1-Murat TAŞKIN (BİZDEN SÖYLEMESİ)

1-Murat TAŞKIN (BİZDEN SÖYLEMESİ)

CHP'de birileri birilerini disipline vermiş. Şaşırdık mı?

Bir seçim gezisinden Ankara’ya dönerken yolda bir köy kahvesine uğrarlar; rahmetli Turan Hoca, Turan Güneş, bir kahve içmek ister, kahveci kahveyi en güzel fincana koyup getirir.


Turan Hoca bakar ki fincanın kulpu yok, kahveciye sorar:
- Sen CHP’li misin?
Kahveci, beni tanıdı diye sevinir.
- Evet hocam, tabii CHP’liyim.
Turan Hoca:
- Hayret! Şimdiye kadar buna bir kulp takman lazımdı. Takamamışsın demek. Madem sen takamadın bu fincanı al Ankara’ya götür, bizimkiler nasıl olsa bir kulp bulup takarlar.


xxx


 


Siyasete zorla giren Erdal İnönü, çoğu konuda partinin yöneticileriyle çoğu konuda anlaşamıyormuş.

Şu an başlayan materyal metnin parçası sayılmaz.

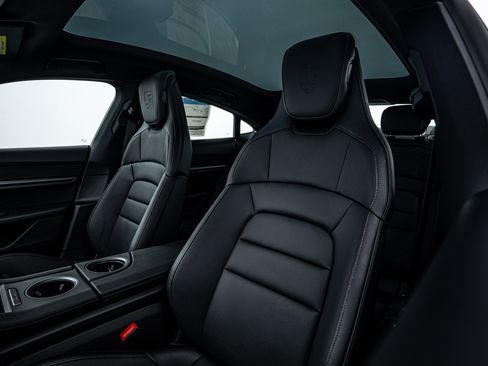 New 2025 Porsche Taycan 4S image 19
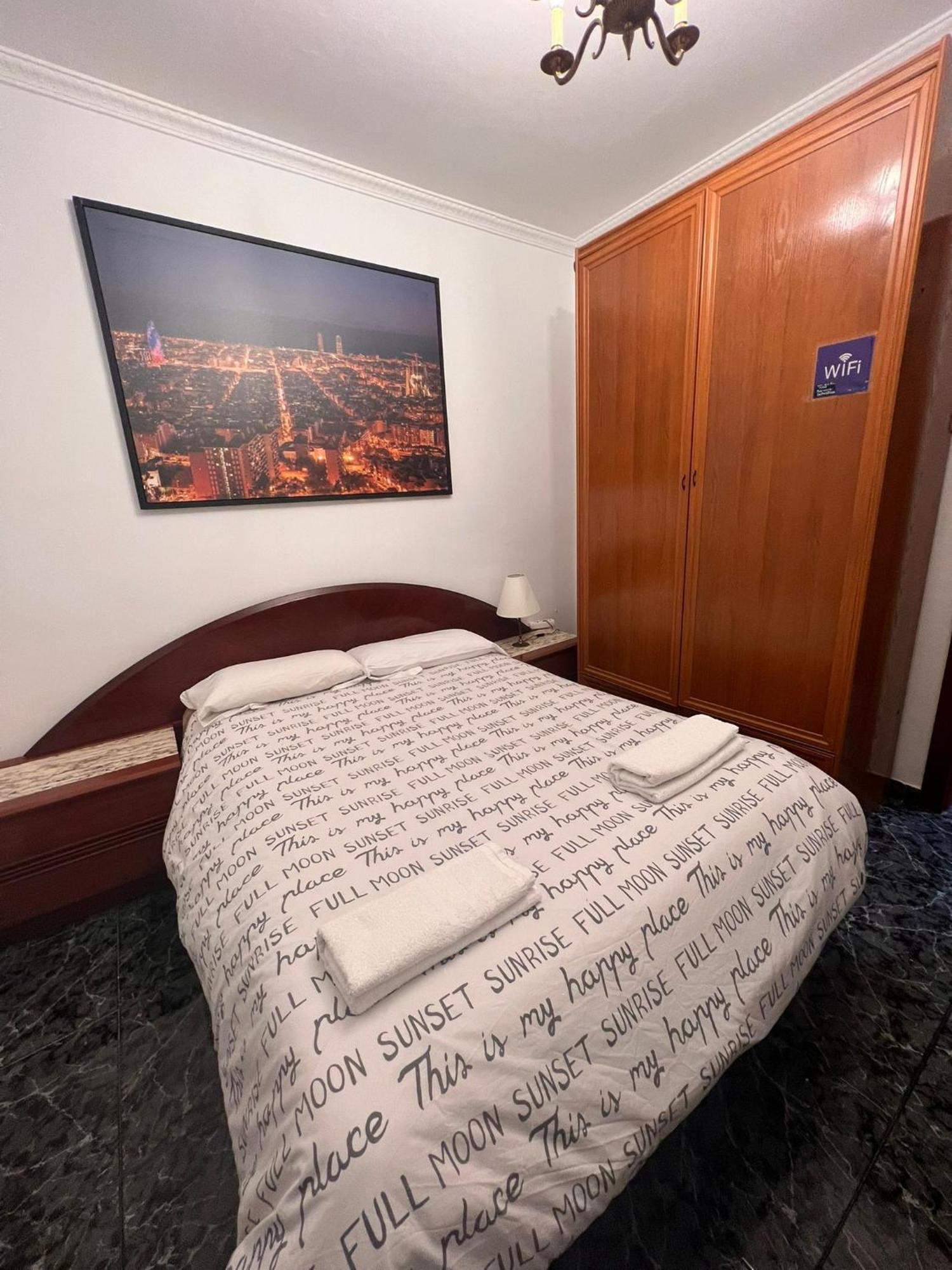 Room Familiar Sants Barcelona Zewnętrze zdjęcie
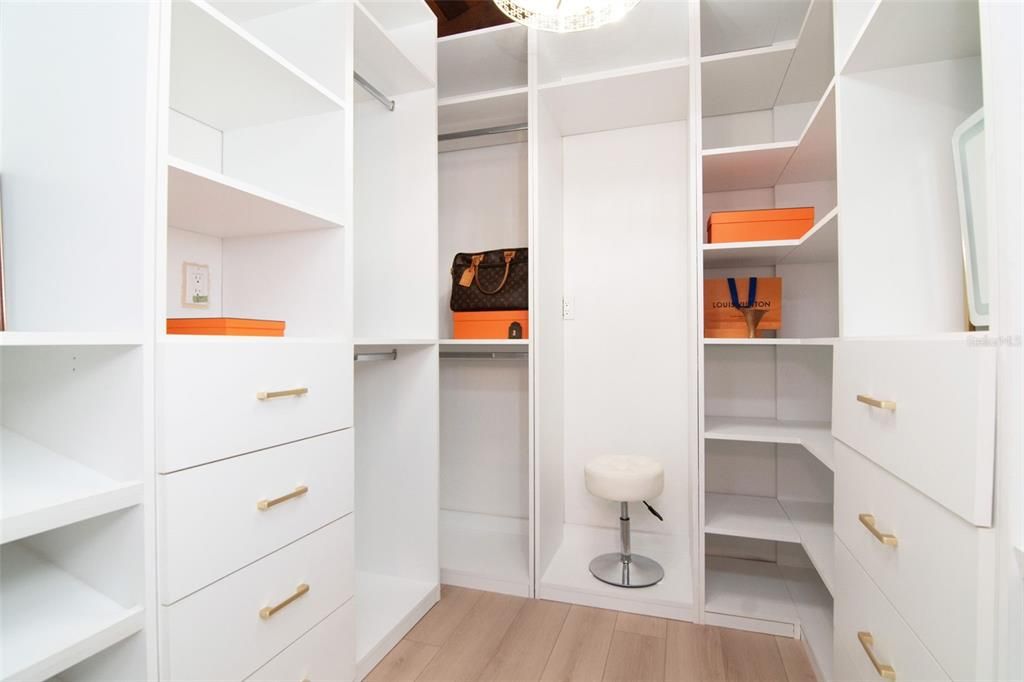 Interior, Walk-in Closets, Wood Texture Flooring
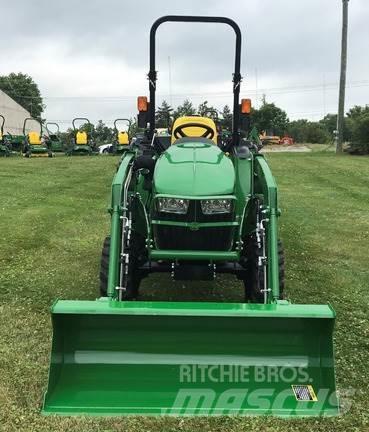 John Deere 3025E Kompakt traktorok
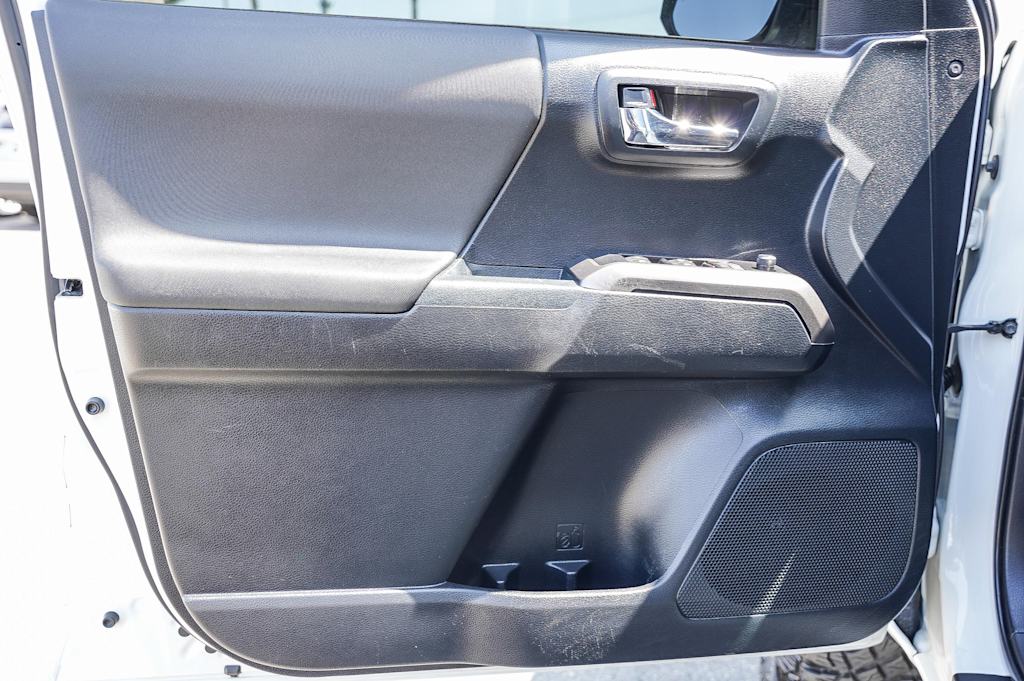 Thumbnail: 2018 Toyota Tacoma - 21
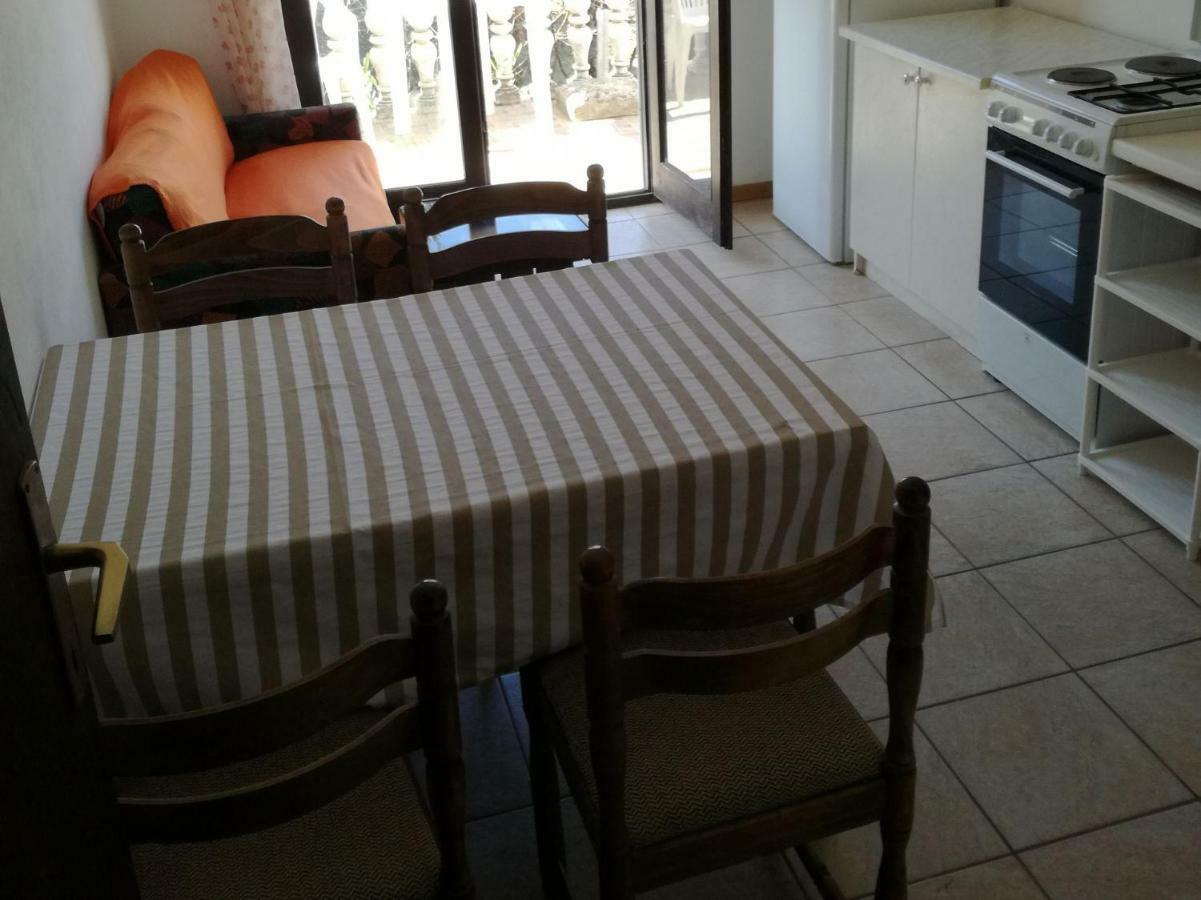 Apartments Luce-With Parking Nin Bagian luar foto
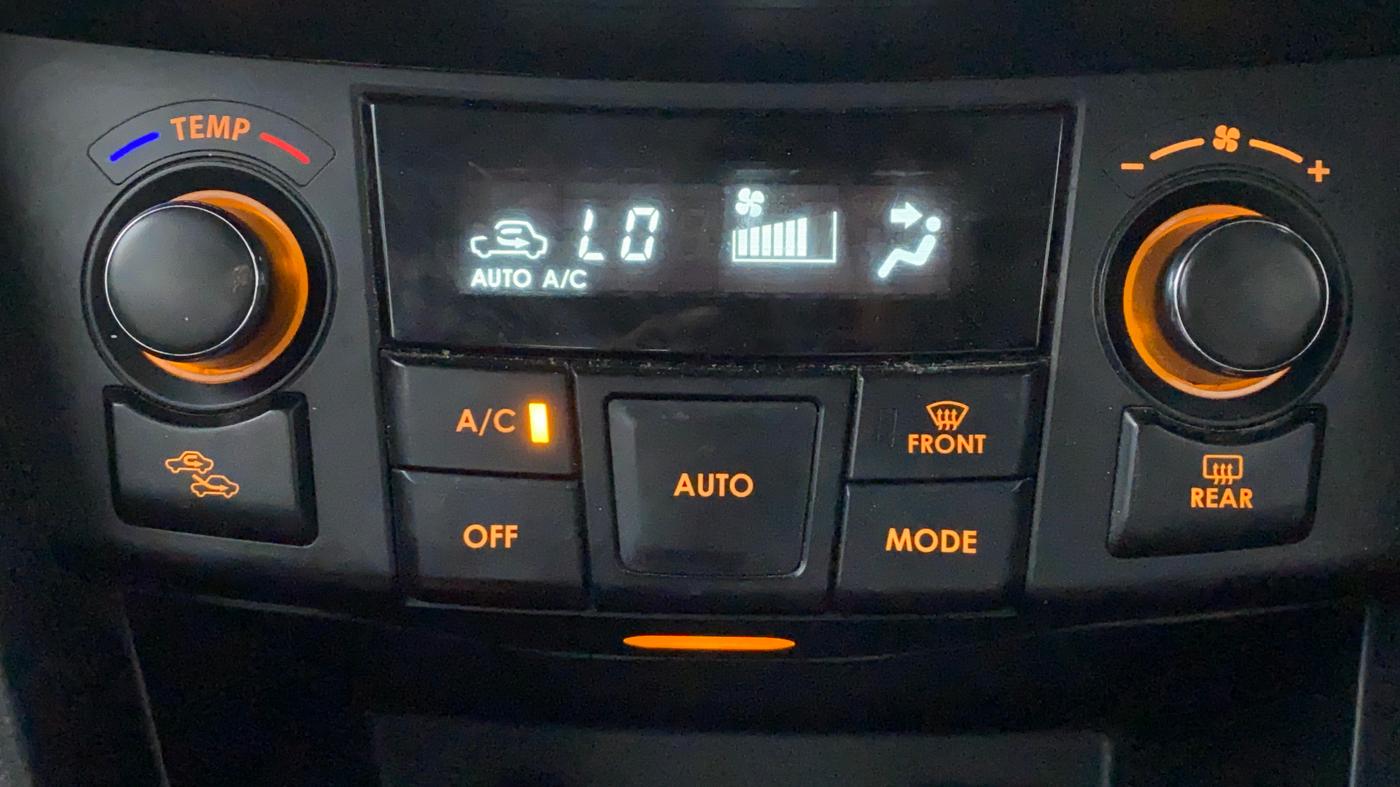 2014 Maruti Swift ZXI D, Petrol, Manual, 43,783 km, Automatic Climate Control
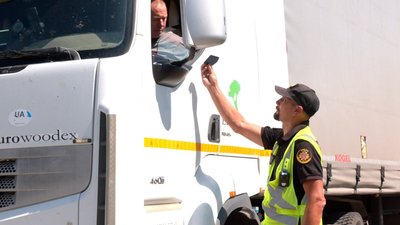 Через спеку обмежують рух великовагового транспорту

Sık sık söylenenlere karşı çıkıyor ve “bu böyle olmalı” diye müdahalede bulunuyor ama yöneticilerin de direnci ile karşılaşıyormuş.


çoğu zaman tartışmalarda sesler yükseliyor, neredeyse kavgaya ramak kalıyormuş.


Bir gün yine böyle bir toplantı arasında partililerle birlikte, Ankara’da bir lokantaya gitmiş.


Garson masaya gelerek: Ne emredersiniz efendim?, diye sormuş.


İnönü tereddütsüz: Hiçbir şey. “Biz birbirimizi yiyeceğiz” demiş.


xxx


-Eşber Yağmurdereli:
Yaşamının büyük bir bölümünü hapishanede geçirmiş, ülkenin Entelektüel solcularından oldan bir isim.
Küçük yaşta geçirdiği bir hastalık yüzünden gözlerini kaybetmiş.
-Edip Akbayram:
Küçük yaştan itibaren kendisini müziğe adayan bir isim.
Sol düşünceyi yaşam tarzı yapmış.
Dokuz aylıkken çocuk felcine yakalanmış ve bu durum onun yürümesini bir hayli güçleştirmiş.
-Can Yücel:
Efsane Milli Eğitim bakanı Hasan Ali Yücel'in oğlu.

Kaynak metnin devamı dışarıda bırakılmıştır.